Smaller players are also trying to find development opportunities from the segment market.
"Pod Inns' position is fashion and the younger group," said Zhu Hui, founder and chief executive officer of Pod Inns.
The company's consumer database also reflects its position.
The main customers are young people aged between 18 and 35 years with 2,000 to 6,000 yuan monthly incomes, he added.
In order to match its position, rooms in Pod's 200 hotels are smaller than other budget hotels. The company pays more attention to other facilities, such as Wi-Fi, Apple Inc computers and Skype to lure its target audience.

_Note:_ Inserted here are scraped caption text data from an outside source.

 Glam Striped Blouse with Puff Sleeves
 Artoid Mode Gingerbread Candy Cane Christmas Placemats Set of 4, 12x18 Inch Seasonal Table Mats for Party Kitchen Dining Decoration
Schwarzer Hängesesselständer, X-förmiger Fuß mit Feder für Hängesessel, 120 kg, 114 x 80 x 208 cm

Pod's operation was appreciated by venture capitalists with the company receiving $55 million in investment in June. The money will be used for future expansion, Zhu said.
"Pod will expand to more than 500 hotels from its current 200 in the next three years," said Zhu.

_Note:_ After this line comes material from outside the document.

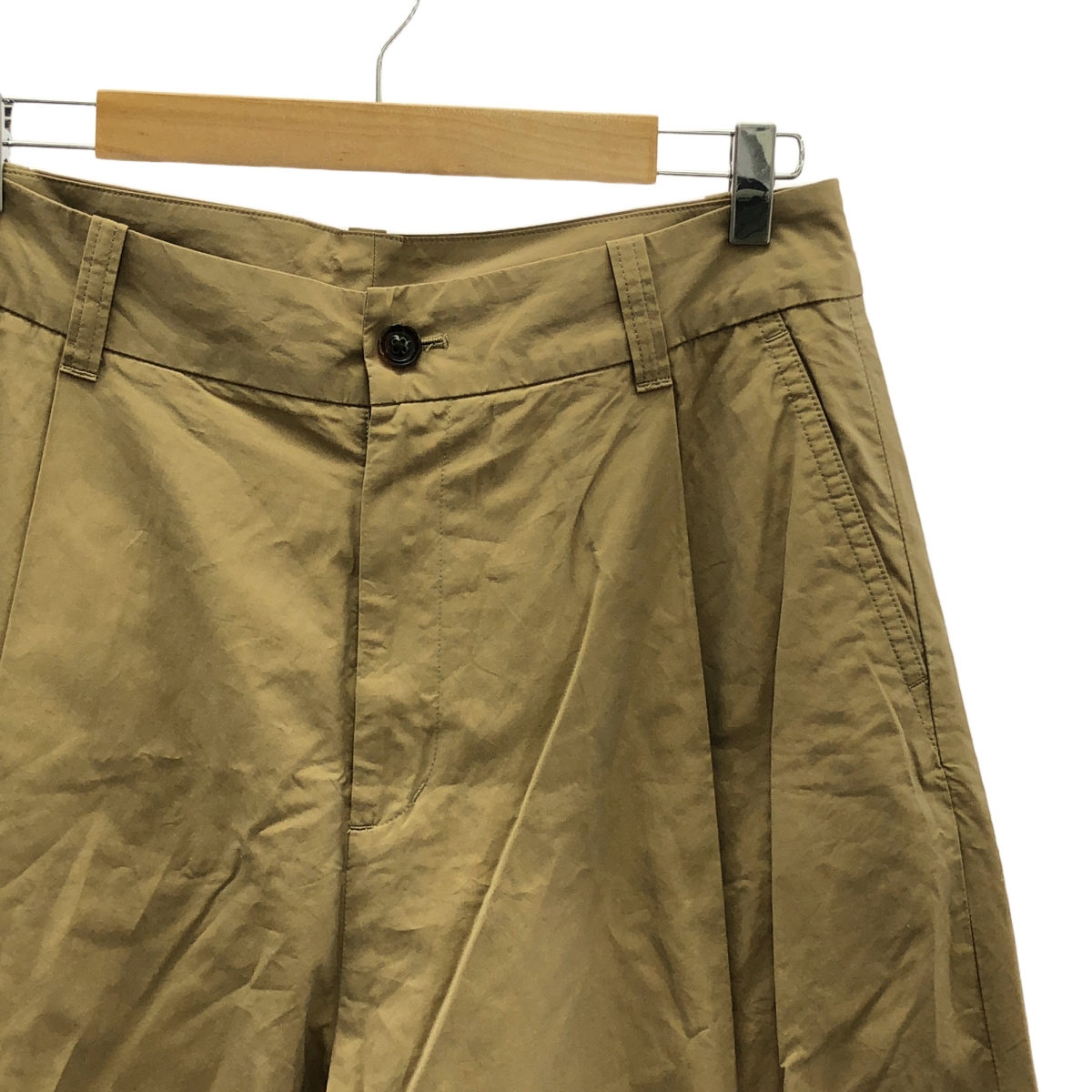 TOMORROWLAND / トゥモローランド コットン シャンブレー 1プリーツ ワイドパンツ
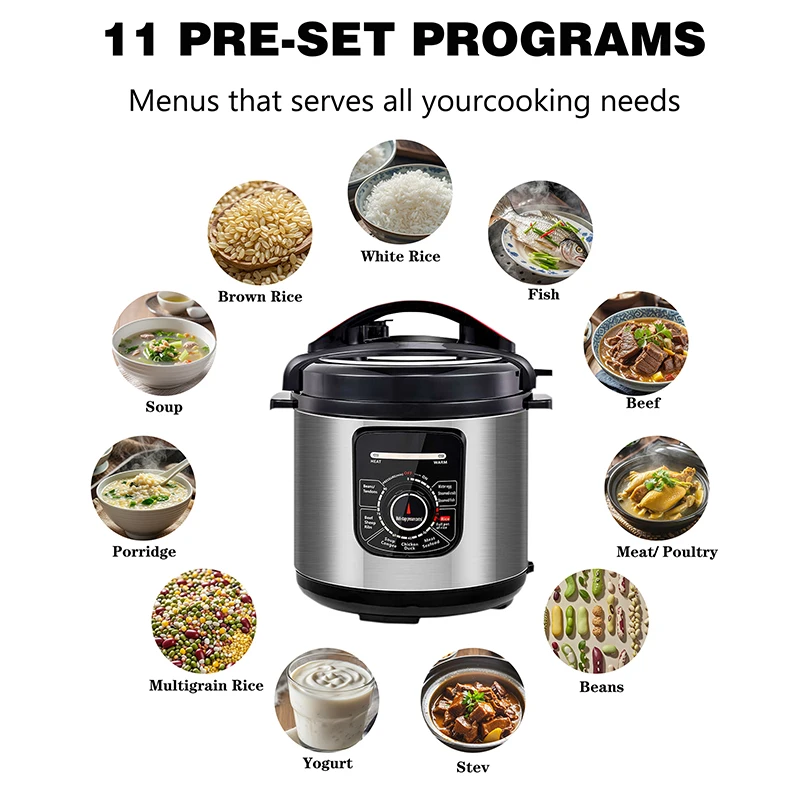 Multifunctional Pressure Cooker 10-in-1 Stainless Steel Programmable Cooking Modes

Unlike the main industry players, which are working on entering the smaller cities, big cities will be the ambitious small company's main target in the future.
The number of Pod hotels in Beijing will increase from the current 12 to more than 100 by 2015, Zhu said.

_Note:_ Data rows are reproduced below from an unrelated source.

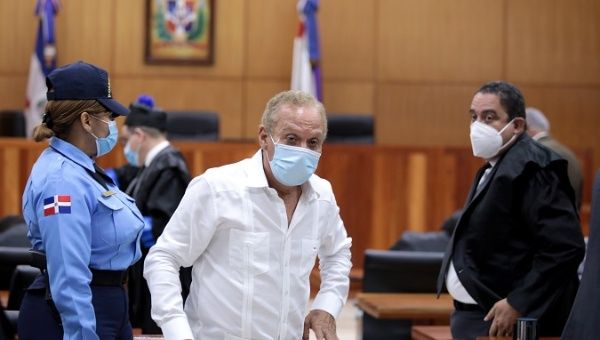 The businessman Ángel Rondón (c), former commercial representative of Odebrecht in the Dominican Republic, accused in the case of corruption of the Brazilian company, attends the hearing this Monday in Santo Domingo.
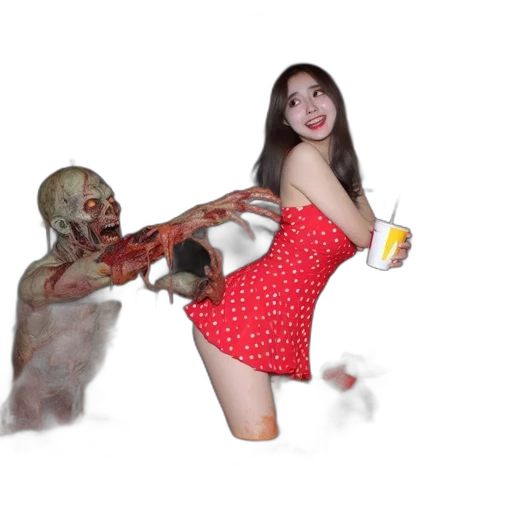 creature, dress, food, photorealistic transparent PNG cut-out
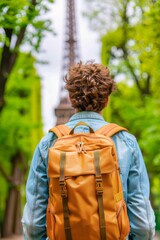 Fototapeta premium man with backpack gazing at the eiffel tower in paris, france, with a green foliage background.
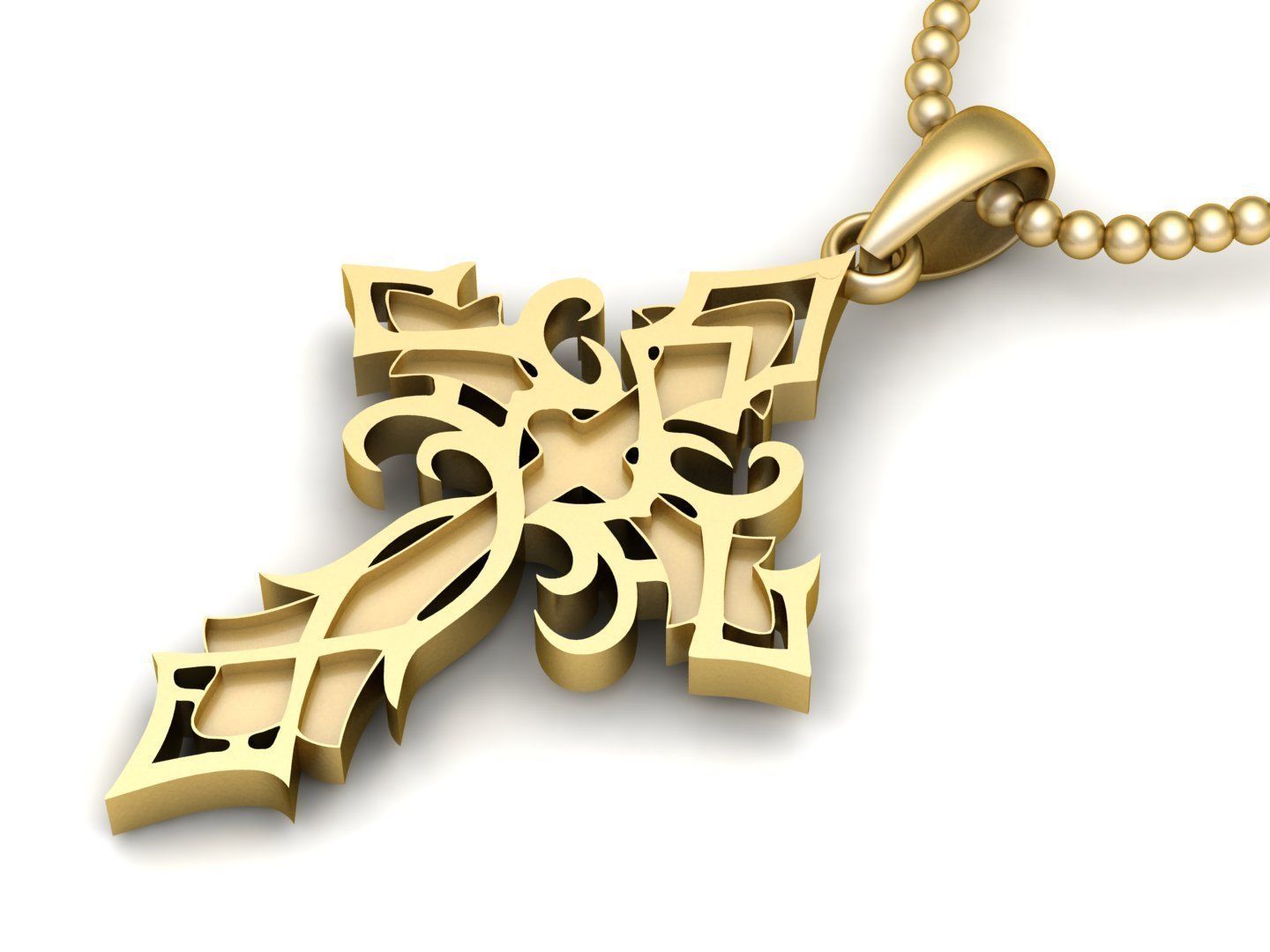 Cross Pendant Jesus Christ CP 13 3D model_2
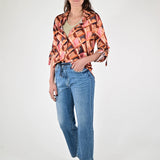 Camicia raso stampa viscosa C1097335 BLUSH LALTRA|STORIA 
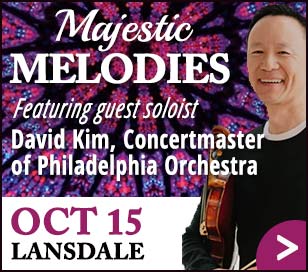 We are thrilled to welcome David Kim, Concertmaster of the Philadelphia Orchestra as our guest soloist for our Fall concert. This concert will be a unique opportunity to hear some of the most beautiful and exciting music for solo violin and orchestra performed by David with a full orchestra in the gorgeous and intimate setting of Trinity Lutheran Church. This is the first time David has performed with an orchestra in Montgomery County in over 10 years! Sunday, October 15, 2023 - 3:00 p.m. Trinity Lutheran Church - 1000 W Main St, Lansdale, PA 19446 Full Season Subscription: $45 total for all 3 concerts (40% savings!) General Admission: $25.00 per ticket Groups Tickets (6 or more): $20.00 per ticket Students (w/ID): $5.00 Children under 12: Free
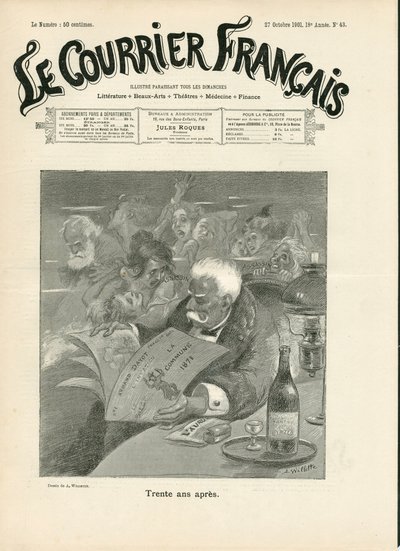 Portada de Le Courrier français, número 43, Satírico en N & B de Adolphe Leon Willette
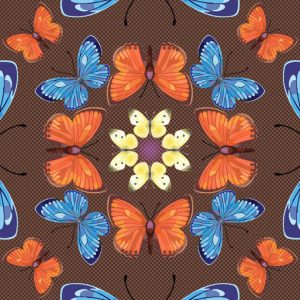 Butterfly Kaleidoscope Autumn scarf flat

While Zhu is working on his ambition for 500 hotels, most of the industry giants can already boast more than 1,000.
Some problems occurred during the big players' rapid expansion and their profits started to shrink from early 2012.
Home Inns suffered a loss in net profits in the first quarter of 2012 because of an operating loss by Motel 168, according to its financial report.
In the second quarter, although the net profit was positive, it still decreased by 85.69 million yuan compared with the same period of 2011.
Home Inns' second quarter financial report shows that the hotel company's occupancy rate decreased by about 5 percentage points in the second quarter of 2012 compared with the same period in 2011.
The company attributed the decline to the lower occupancy rate of the Motel 168 brand, which was purchased by Home Inn in 2011 and is still being integrated.
However, the difficulty of integrating the different products will not stop the budget hotel companies' ambitions to expand.
"We are confident about China's hotel market and Motel 168's performance will improve, after we finish the integration," said Sun Jian, chief executive officer at Home Inns, which plans to increase the number of its hotels from 1,600 and 190,000 rooms to 5,000 hotels in the next decade, a growth rate 2.5 times the speed of the last decade.
"Over the next three to five years, the industry will remain in the fast-expanding stage because budget hotels only account for a very small share in the whole market," said Ye.
7 Days, which is the second largest budget hotel company in China, has similar view on expansion to its rival.
"We will pay more attention to the business development of franchise stores in order to expand faster in the industry," said Lin Yunzhou, CEO of 7 Days.
The company adjusted its 2012 plan from 360 new hotels to 400 in June. In the new plan, the number of new franchises was up to 320 from an original 240 and the plans for directly managed hotels was decreased from 120 to 80.
Franchises are a business model with lower risk, lower investment but higher profit, Lin said.